Strictly speaking, the title deeds are all the documents that constitute proof of the legal ownership of unregistered land and property. They also show past transfers of ownership through gifts, under wills and so on.
However, the vast majority of land in England and Wales is now registered. In December 1990, it became compulsory in England and Wales to register land at HM Land Registry on completion of a transaction, such as a sale and purchase. The official register at the Land Registry constitutes evidence of legal title, so traditional ‘title deeds’ are no longer needed for a sale, transfer, mortgage, and so on.
If the land is registered, the title deeds comprise the Official Copies of the registered title, the Title Plan, and any documents referred to in the register, such as an old conveyance. These additional title deeds will usually be available at the Land Registry. The Land Registry keeps a formal record of the legal title to a property in the Title Plan, together with three different registers, namely:
- Property register;
- Proprietorship register, and;
- Charges register.
The plan shows the boundaries to the property, and any other information that helps identify the legal title to the property.

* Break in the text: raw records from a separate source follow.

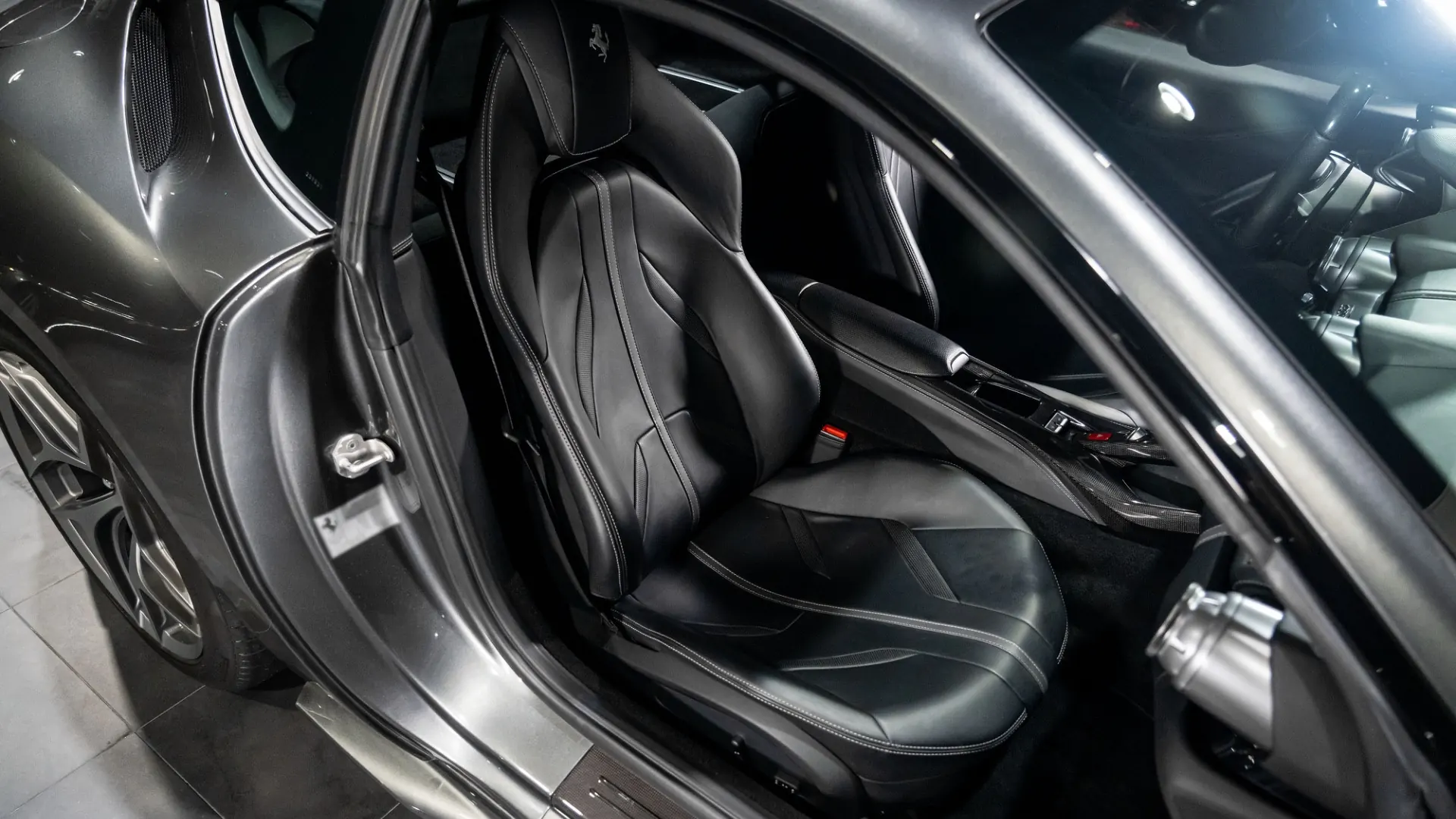 Ferrari 812 — photo 12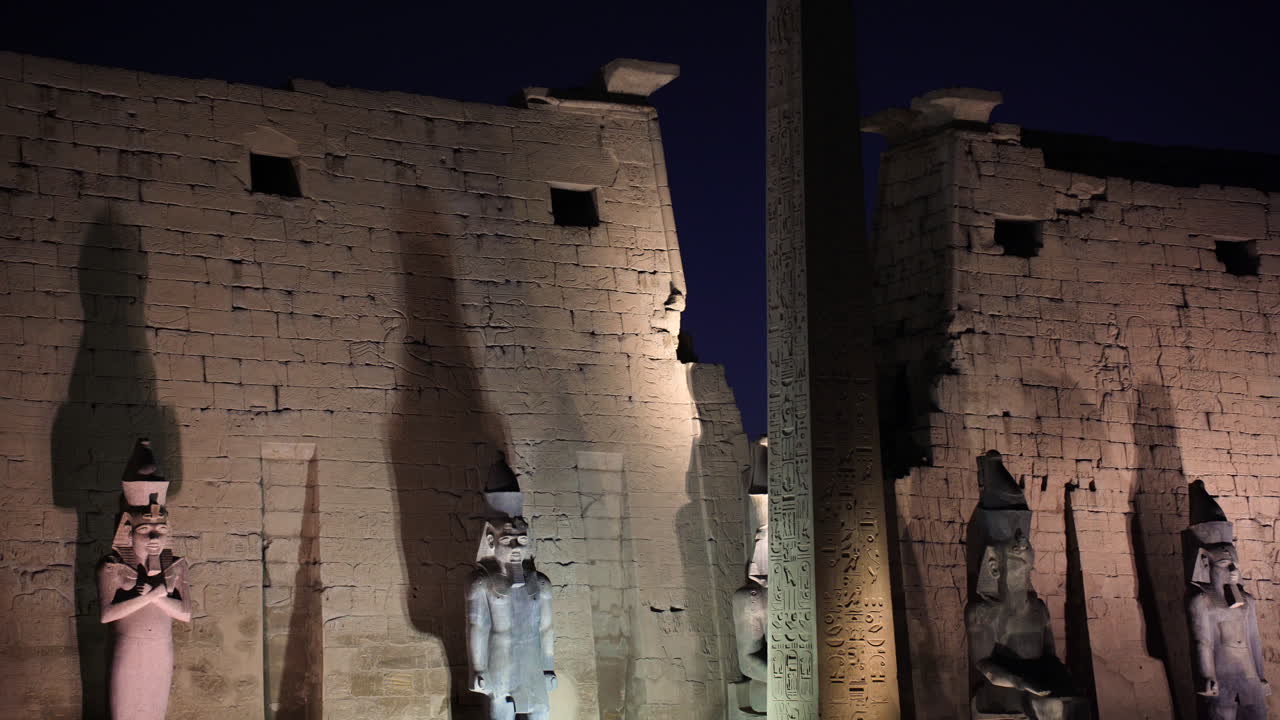 vista panorámica que revela la antigua escultura tallada estatua en el templo de luxor egipto civilización antigua patrimonio mundial de la unesco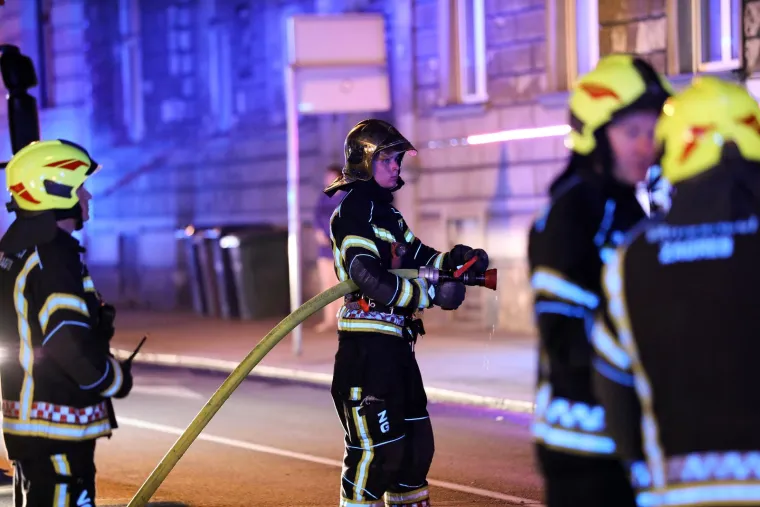 Planuo požar u zgradi u Zagrebu, vatrogasci ljestvama spu&scaron;tali zarobljene ljude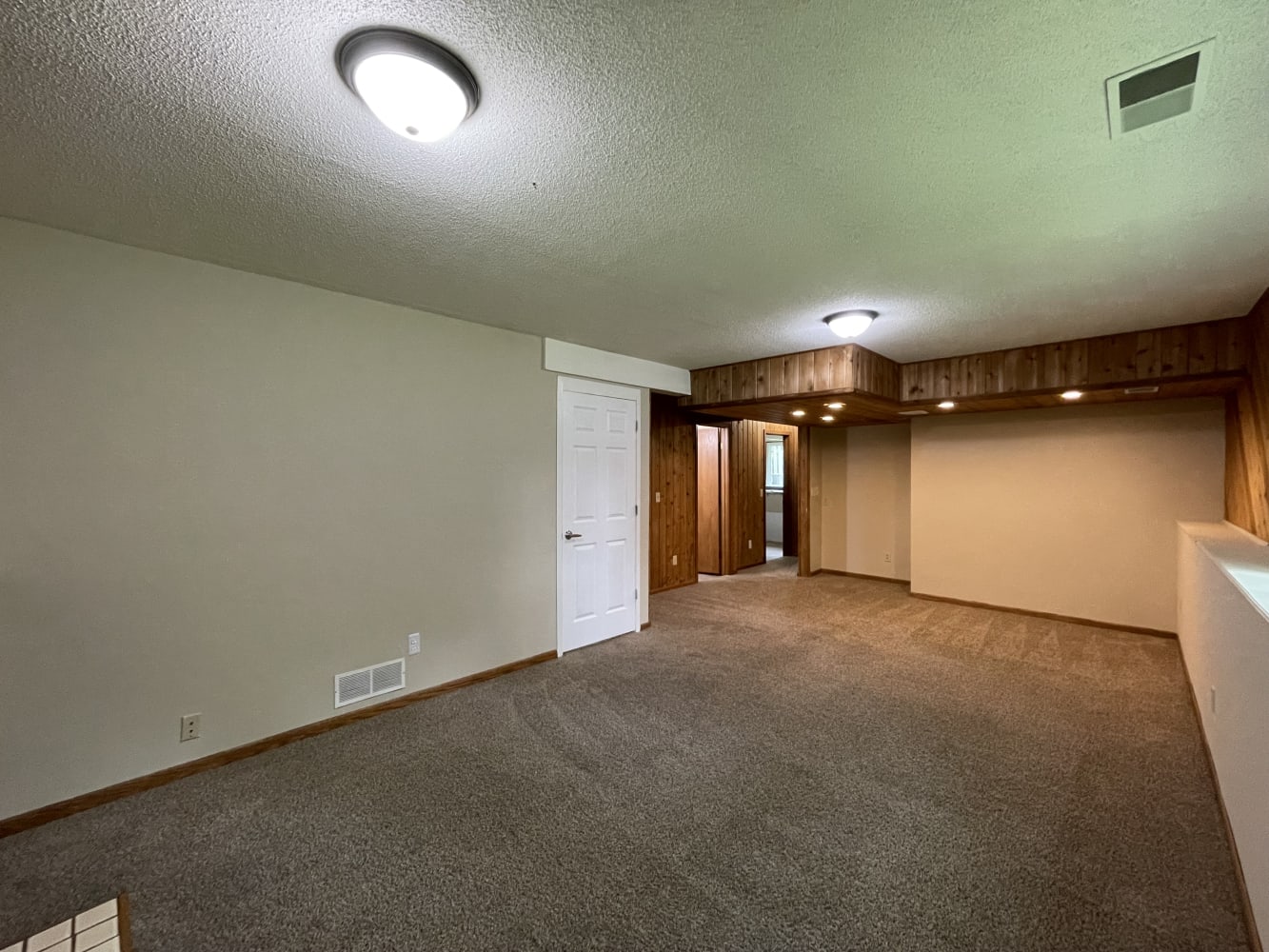 5325 W 140th St, Savage photo 10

This defines and describes the property, the address, and the rights benefiting the property such as any rights of way, a lease, and other positive rights attached to this property.
It is common for other documents to also be referred to in the property register. These may, for instance, refer to restrictive covenants, easements and so on. It is important to read the wording of the property register carefully so that you understand the extent of the property.
This contains information about who the owner is (the ‘Registered Proprietor’); the class of title (ie. absolute, qualified, possessory, leasehold); and any notices affecting the legal owner’s right to sell, mortgage, and so on.
This contains any charges (such as mortgages), and any other third party rights with respect to the property which may adversely affect the owner’s rights. A common entry will be a restrictive covenant; for instance, restricting the owner from doing something with the land.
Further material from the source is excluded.